Guillermo Del Toro n’est décidément jamais là où l’on attend. L’empereur des geeks, sorti de la production massive de Crimson Peak, déclaration d’amour au cinéma gothique à l’esthétique enivrante, a comme à son habitude fait parler de lui sur de multiples projets. À ce stade, il est clair que la carrière fantasmée du réalisateur mexicain est au moins aussi importante que sa filmographie « réelle ». Faute de pouvoir compter sur un Justice League Dark, un Pacific Rim 2 (qui se fera sans lui) ou un Hellboy 3 (qui sera « rebooté » sans lui aussi), c’est à nouveau avec un scénario original, co-écrit avec Vanessa Taylor (Divergente, Game of Thrones), et mûri depuis plusieurs années qu’il revient derrière la caméra. Le nom du projet : The Shape of Water.
Le monde du silence… et des sentiments
Tout comme Le labyrinthe de Pan et L’échine du diable, qui restent objectivement ses deux films les plus personnels, The Shape of Water se déroule en temps de guerre. L’histoire se déroule en 1963, une ère d’espions et de secrets, et Elisa (Sally Hawkins, Blue Jasmine) est au cœur de ce monde fait d’ombres et de mystère. Muette, Elisa travaille avec son amie Zelda (Octavia Spencer) à l’entretien d’un laboratoire gouvernemental ultra-secret, dans lequel sont menées de nombreuses expériences. L’une d’entre elles concerne une créature aquatique amphibie (Doug Jones), un spécimen unique et fascinant dont l’origine intéresse particulièrement le patron des lieux, Strickland (Michael Shannon). La vie d’Elisa, marquée par l’isolement et le silence, va être bouleversée par sa rencontre avec la créature : une connexion se crée entre eux, qui va les pousser à braver les pires dangers…

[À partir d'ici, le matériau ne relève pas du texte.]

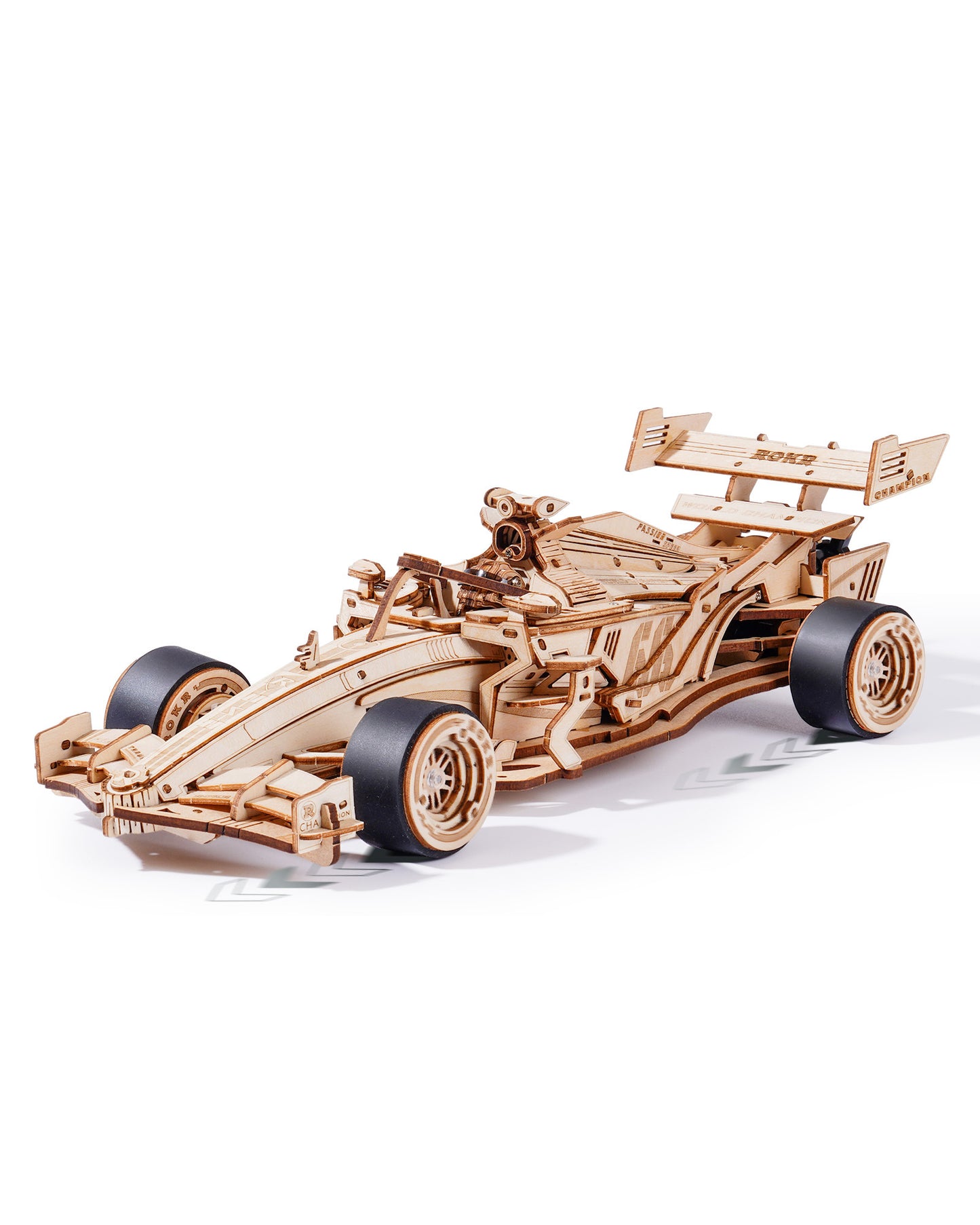 Puzzle 3D Voiture de Course avec Moteur à Crémaillère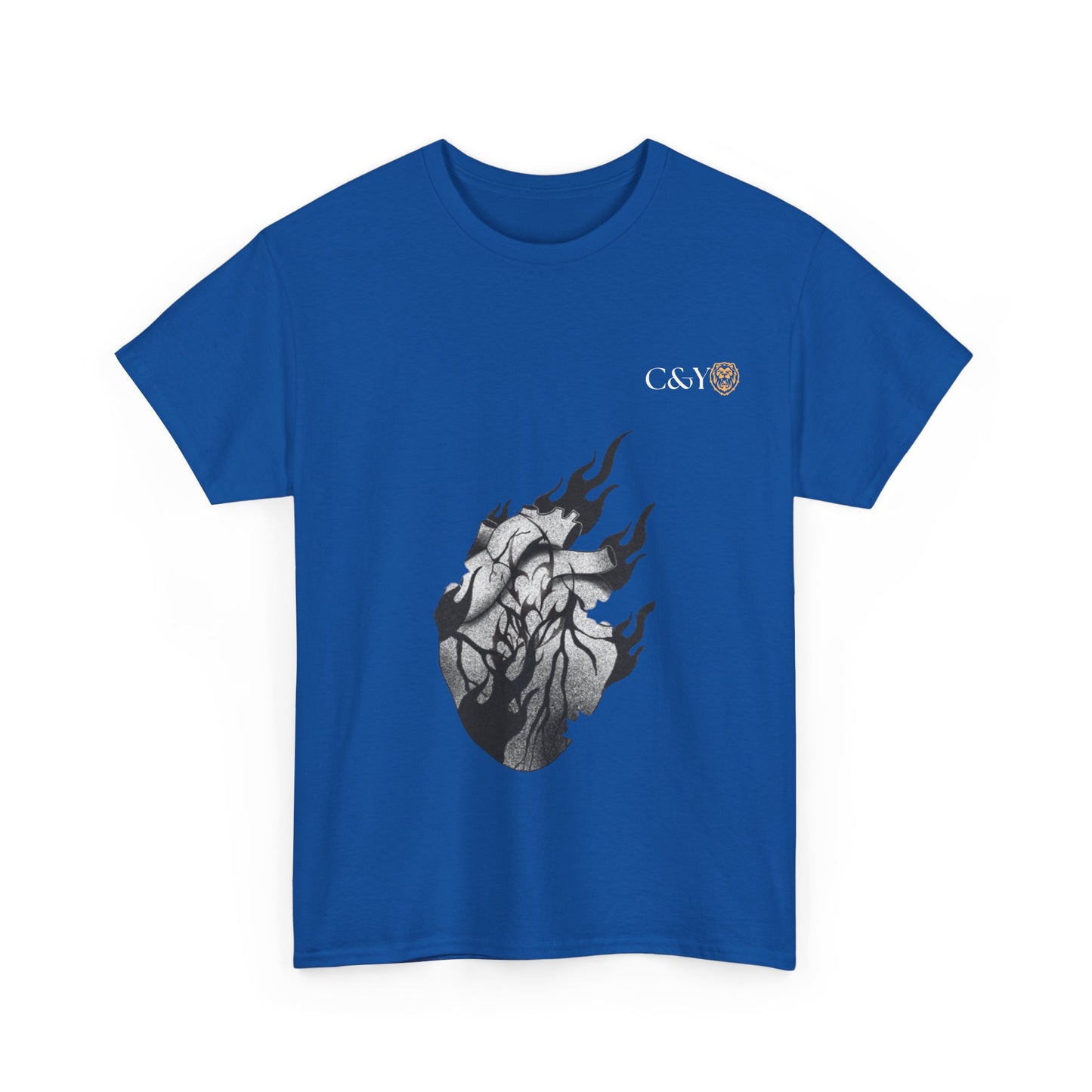 T-shirt “Dark Heart” – Coton lourd & vibes sombres pour les passionnés
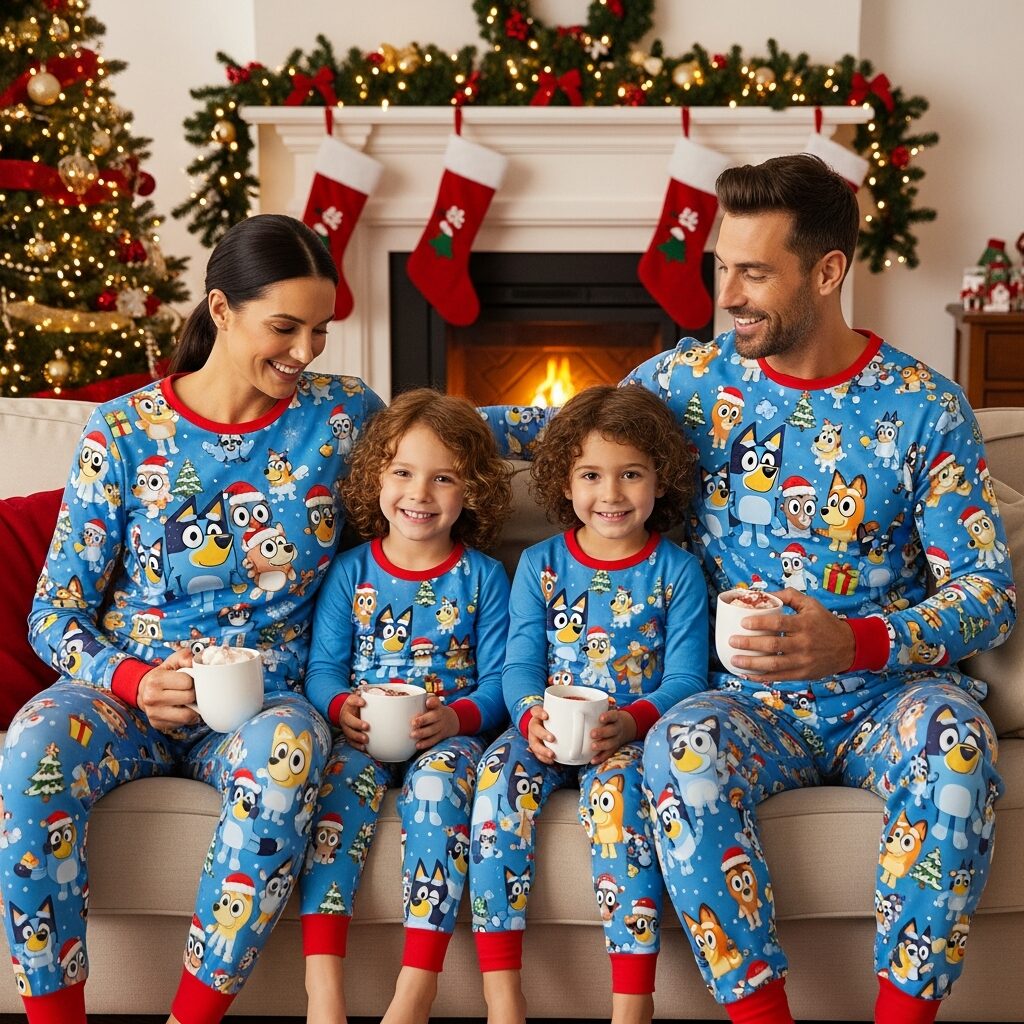 Bluey Family Christmas Pajamas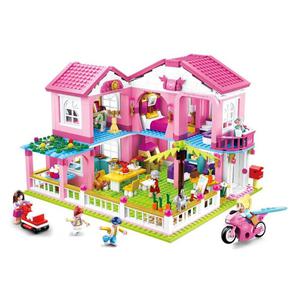 Klocki konstrukcyjne Luksusowa Willa Duy Pitrowy Dom Sluban 896 elementw - 2881062156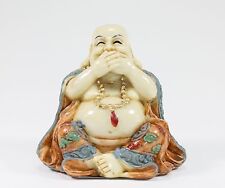 Feng Shui Speak No Evil Happy Face Laughing Buddha Figurine Home Decor Statue picture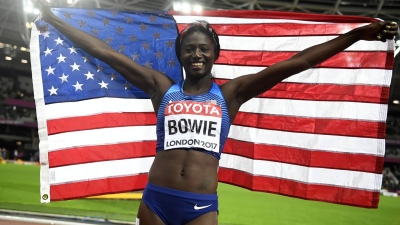 La campeona del mundo, Tori Bowie, murió mientras daba a luz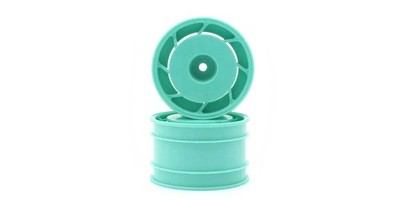 Kyosho 1:10 Ultima Hinterräder 8D 50mm (2) - Peppermint Green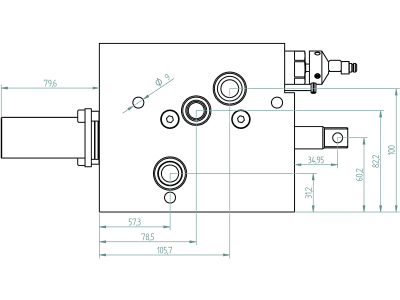 Zusatzsteuergerät, für Bosch-System SB 23 LS, AK -TB-, sitzdichtend, rechts Zusatzsteuergerät, für Bosch-System SB 23 LS, AK -TB-, sitzdichtend, rechts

[quote_center] »La vie d’Elisa, marquée par l’isolement et le silence, va être bouleversée par sa rencontre avec la créature. »[/quote_center]
Les histoires d’amour ne sont pas si fréquentes dans l’univers féerique, mais torturé de Del Toro. Hellboy et Crimson Peak contenaient leur lot de romances contrariées – voire carrément tordues, mais avec The Shape of Water, le réalisateur semble embrasser pleinement sa nature sentimentale. Il suffit de jeter un œil à la renversante bande-annonce, pas avare en révélations et en plans magiques, pour comprendre que le scénario misera tout autant sur le mariage entre film d’époque et éléments fantastiques, que sur l’étude intimiste d’une « princesse sans voix » redécouvrant un sens à la vie au contact d’une créature que personne d’autre ne comprend. Si elle rend forcément hommage à celle du Lagon Noir (il était d’ailleurs question que le réalisateur en dirige un remake avant qu’elle n’intègre le « Dark Universe »), la créature en question, dans le look comme dans la gestuelle (et sa nourriture !), fait fortement penser à Abe Sapien, l’amphibien ami de Hellboy. Il est de fait joué par le même acteur : doit-on en penser que The Shape of Water se déroulerait dans l’univers du « BPRD » imaginé par Mike Mignola ? C’est un mystère qu’il faudra résoudre dans les salles.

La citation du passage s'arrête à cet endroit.